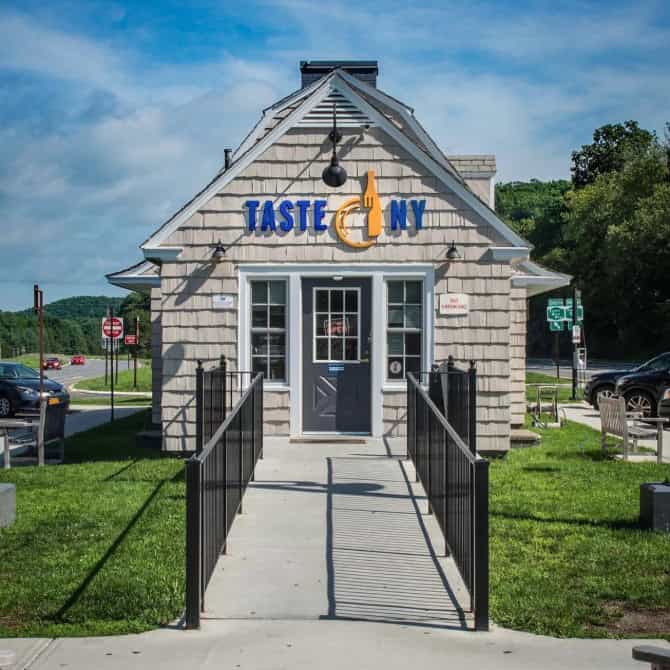 Small gray roadside shop with "Taste NY" sign, ramp entrance, and green trees in the background—perfect for a quick stop on your Fall Road Trip or Weekend Getaway through the Finger Lakes.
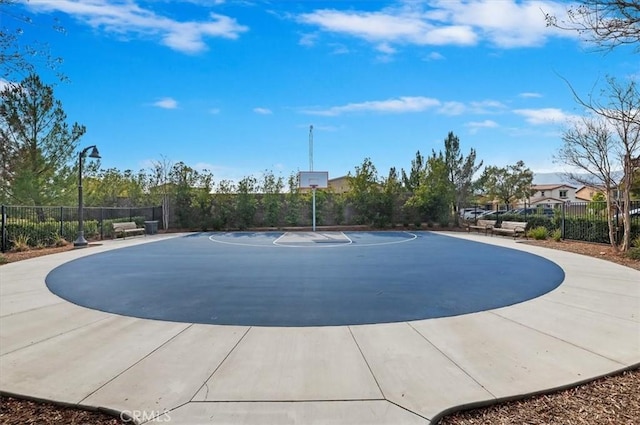 view of basketball court with community basketball court and fence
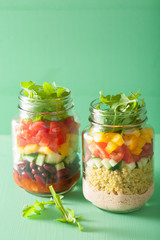 vegan quinoa vegetable salad in mason jars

● The problem: Images should not appear in the copy; retype the listing above exactly.

● Expected answer:
 Small gray roadside shop with "Taste NY" sign, ramp entrance, and green trees in the background—perfect for a quick stop on your Fall Road Trip or Weekend Getaway through the Finger Lakes.
 view of basketball court with community basketball court and fence
 vegan quinoa vegetable salad in mason jars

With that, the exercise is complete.